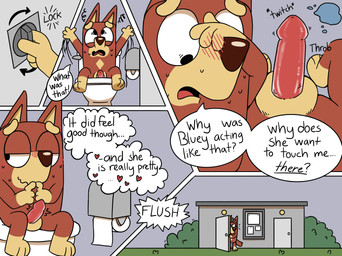 animal_genitalia animal_penis anthro aroused_face balls bathroom blush bodily_fluids canine_genitalia canine_penis dialogue erection first_person_view fur genitals gloves_(marking) leg_markings male markings on_toilet penis public_restroom red_body red_fur socks_(marking) solo speech_bubble staring_at_penis sweat tan_body tan_fur text thought_bubble toilet toilet_paper wavy_mouth young young_anthro young_male festive0goat bluey_(series) rusty_(bluey) australian_kelpie canid canine canis domestic_dog herding_dog mammal pastoral_dog sheepdog comic english_text hi_res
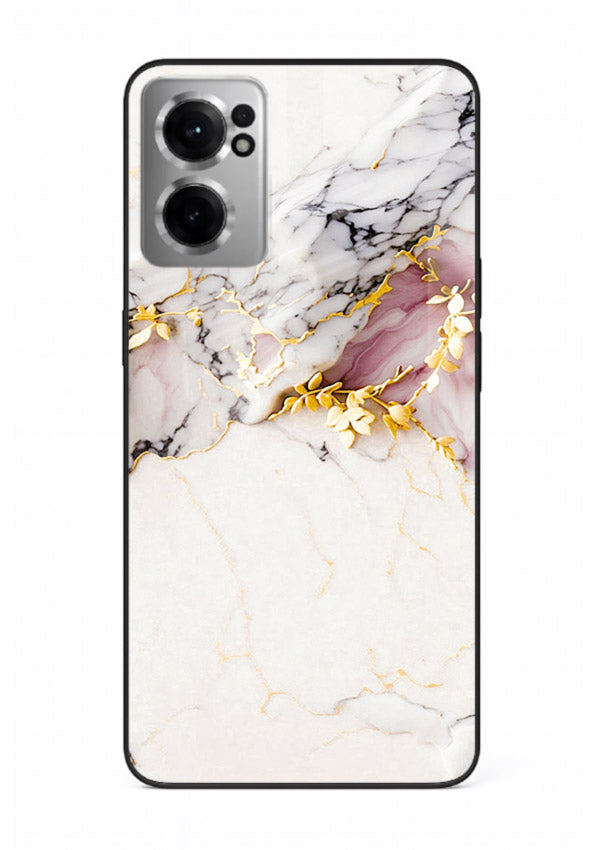 TealGold Vein Flow OnePlus Nord CE2 5G glass back cover with teal marble and gold accents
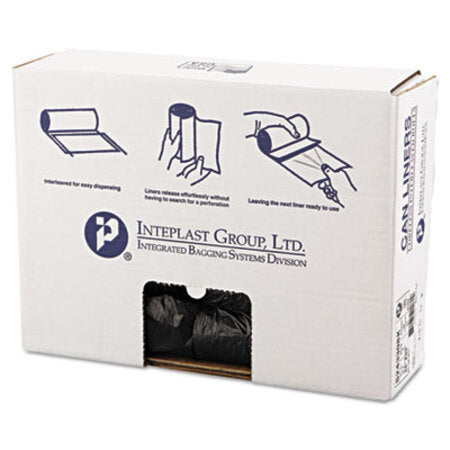 Inteplast Group High-Density Commercial Can Liners, 16 gal, 8 microns, 24" x 33", Black, 50 Bags/Roll, 20 Rolls/Carton - CT/1 - IBS-S243308K-CT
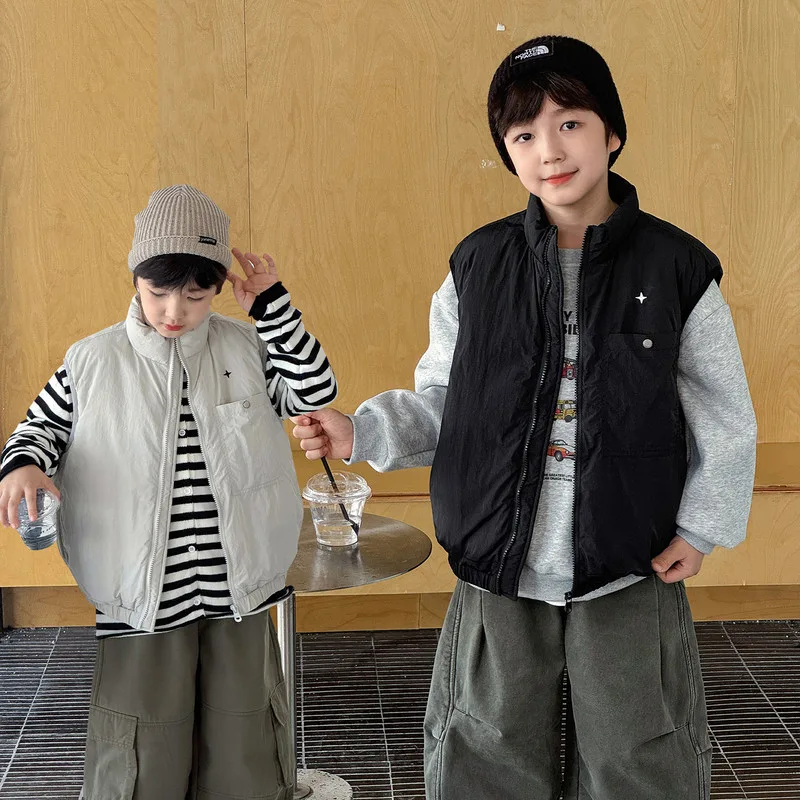 【KID】キルティングスタンドカラージップベスト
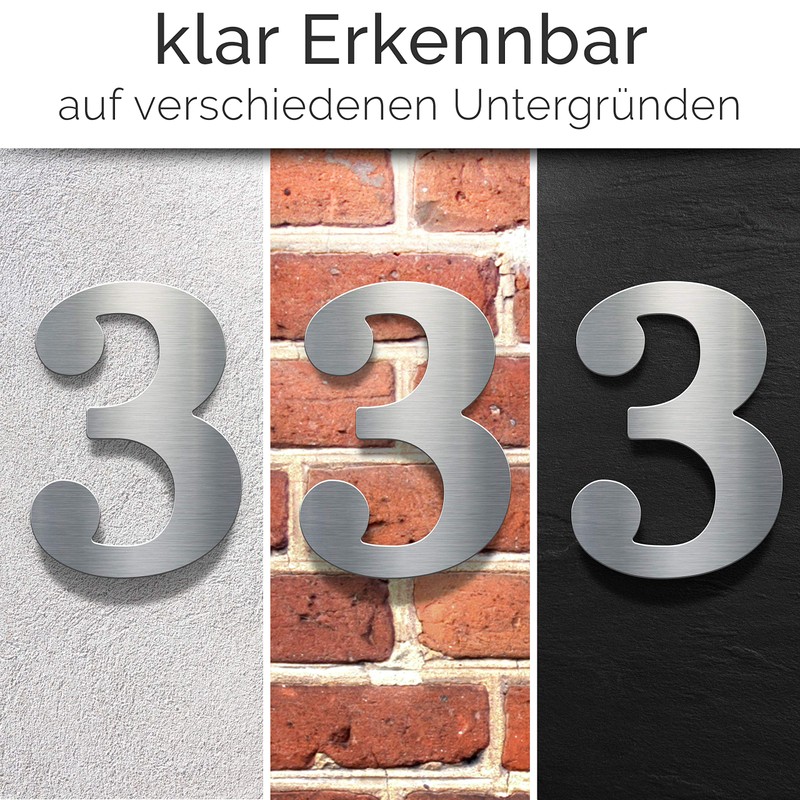 N-02-3-E Stainless Steel House Number 3 - Solid, Weatherproof and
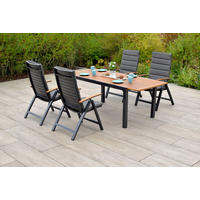 GARTENSET Akazie massiv Aluminium  - Graphitfarben/Naturfarben, MODERN, Holz/Textil - Gardenson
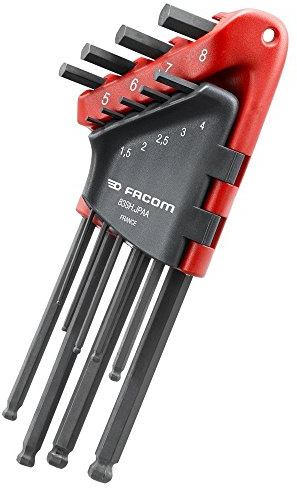Facom 83SH.JPAA Winkelschlüssel-Satz, 9 Stück, 6-kant, in tragbarer Tasche - 1,5 mm bis 8 mm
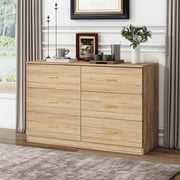 6-Drawer Dresser for Bedroom,Modern Ample Storage Wide Chest of Drawers for Living Room,Hallway,Natural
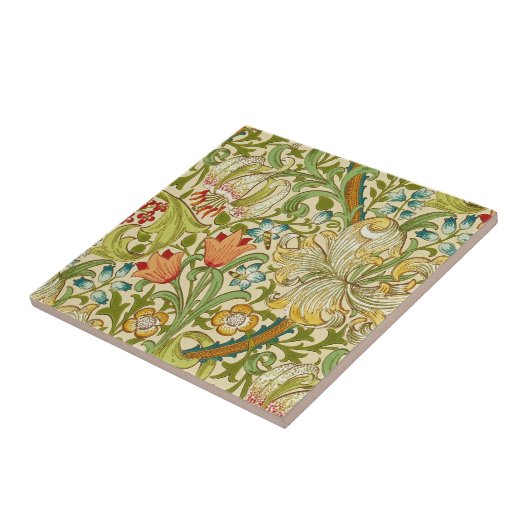 William Morris Golden Lily  Pre-Raphaelite Tegeltje (Zijkant)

_PROMPT_: Word-for-word output of the material above is needed, with the pictures left out.

_WRITTEN ANSWER_:
 animal_genitalia animal_penis anthro aroused_face balls bathroom blush bodily_fluids canine_genitalia canine_penis dialogue erection first_person_view fur genitals gloves_(marking) leg_markings male markings on_toilet penis public_restroom red_body red_fur socks_(marking) solo speech_bubble staring_at_penis sweat tan_body tan_fur text thought_bubble toilet toilet_paper wavy_mouth young young_anthro young_male festive0goat bluey_(series) rusty_(bluey) australian_kelpie canid canine canis domestic_dog herding_dog mammal pastoral_dog sheepdog comic english_text hi_res
 TealGold Vein Flow OnePlus Nord CE2 5G glass back cover with teal marble and gold accents
 Inteplast Group High-Density Commercial Can Liners, 16 gal, 8 microns, 24" x 33", Black, 50 Bags/Roll, 20 Rolls/Carton - CT/1 - IBS-S243308K-CT
 【KID】キルティングスタンドカラージップベスト
 N-02-3-E Stainless Steel House Number 3 - Solid, Weatherproof and
 GARTENSET Akazie massiv Aluminium  - Graphitfarben/Naturfarben, MODERN, Holz/Textil - Gardenson
Facom 83SH.JPAA Winkelschlüssel-Satz, 9 Stück, 6-kant, in tragbarer Tasche - 1,5 mm bis 8 mm
 6-Drawer Dresser for Bedroom,Modern Ample Storage Wide Chest of Drawers for Living Room,Hallway,Natural
 William Morris Golden Lily  Pre-Raphaelite Tegeltje (Zijkant)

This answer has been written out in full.